Now what about using these new Lightning-based EarPods with your MacBook? I think most of us have come to terms with the idea of switching to Lightning headphones, using an adapter, or going wireless on our iPhones, but there hasn’t been too much discussion about what this will mean for audio on our traditional computers. Unfortunately, I believe Apple’s solution isn’t going to be popular — they’ll sell you an adapter or push you toward a pair of wireless headphones.
I’m not entirely sure what this adapter would look like, certainly a Lightning port on one end that you can plug your headphones into, but the other end is a bit of a mystery to me. I’d assume it to be a headphone jack that you could plug into your Mac. USB could also be a possibility, but that would pose a problem for MacBook owners that don’t have a standard USB port available to them. One thing I’m fairly certain about with this adapter, though, is that, whatever form it takes, it’ll cost $29.
But what about these wireless AirPods that everyone’s speculating about? I think they’ll be sold separately, feature Bluetooth, have a quick pairing process that utilizes the iPhone’s Lightning port, and cost either $99, $129, or $149.
I expect they’ll feature Bluetooth in order to offer compatibility with as many devices as possible. Bluetooth is kind of a pain in the ass, but it works with every device Apple has shipped in the past decade or so. Apple isn’t typically the kind of company that would care much about backwards compatibility, but they’re attempting to replace a port that’s been widely used for the past several decades — widespread compatibility matters.
The quick pairing process is the feature that will help set Apple’s offering apart from other Bluetooth headphones. I imagine the pairing process will work similarly to how Apple’s old Bluetooth Headset did — plug the AirPods into your iOS device’s Lightning port and they’re instantly paired. This will make switching between devices with the same wireless headphones a breeze compared to other competitors’ offerings.

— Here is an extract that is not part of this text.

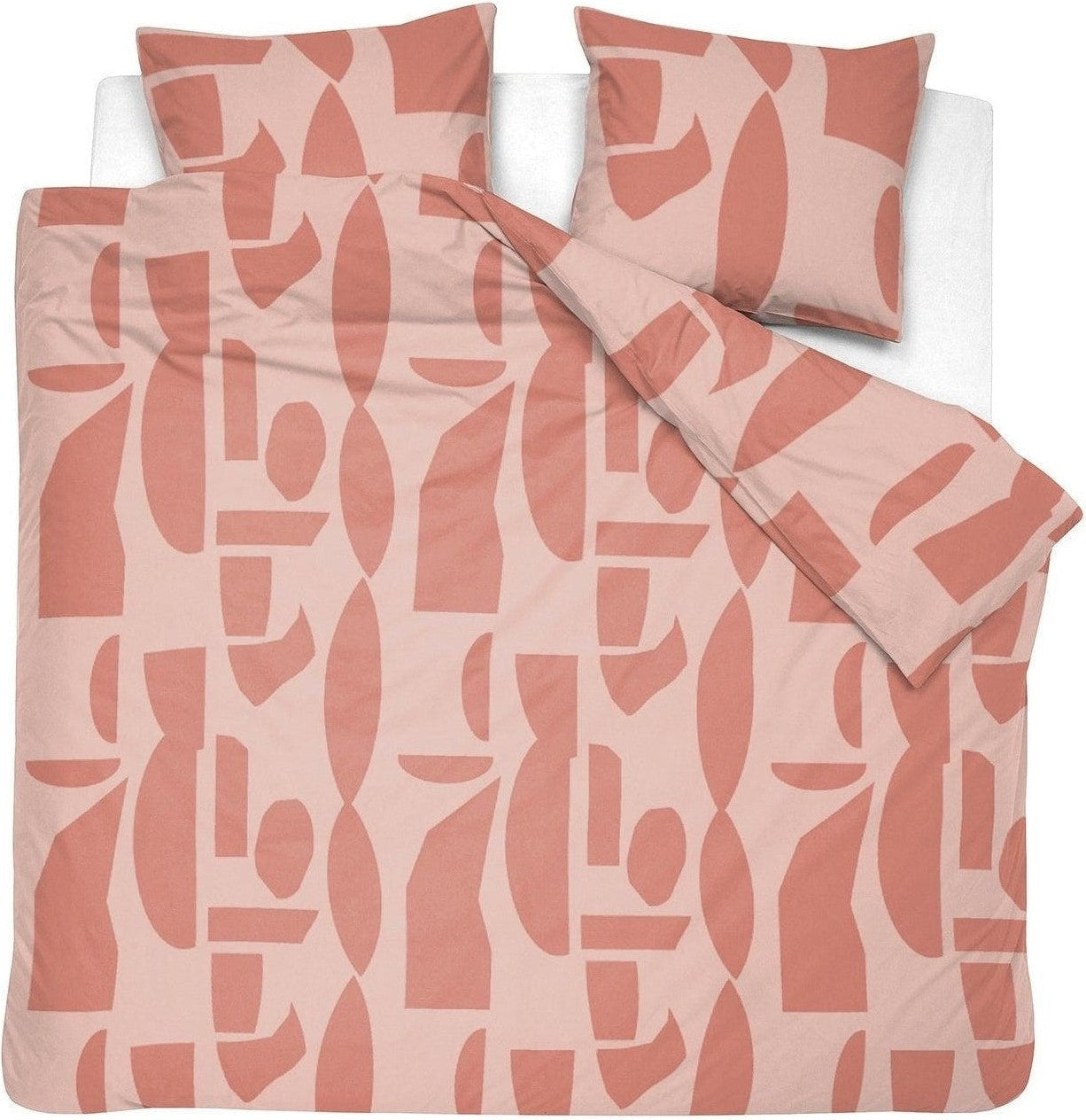 Dekbedovertrek Katoen Barista Roze - Bedtextielonline.be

My pricing predictions are quite a bit different than the ones I’ve seen floating around on various weblogs and Twitter timelines, but there’s a method to my madness. First, I don’t expect the Beats lineup to go away anytime soon. The cheapest pair of wireless Beats costs $199 and I don’t think their Apple-branded offering is going to be priced that high. Beats is their premium line of audio products and it’s going to stay that way for the foreseeable future.
On the other end of the spectrum, Apple offers their wired, in-ear headphones for $79. I don’t expect these will stick around for very long after the next iPhone is released, but this product sets a pricing floor for the AirPods. Within that range — $79-199 — Apple has a few common price points that are worth considering. $99, $129, and $149 are the three I’d pinpoint as the most likely. And if I was a betting man, I’d put my money on $129. This particular prediction isn’t much more than a gut feeling based on the price range I expect it to sit in.
So to recap:
- Lightning EarPods included in-box.
- Lightning (male) to Headphone Adapter sold separately for $19.
- Lightning (female) to Headphone or USB adapter sold separately for $29.
- Wireless AirPods sold separately for $129.
The lead-up to this next iPhone’s release is going to be an exciting one. Perhaps we won’t be seeing any major redesign of the handset’s casing, but at least there’s a few rumored changes that are ripe for speculation.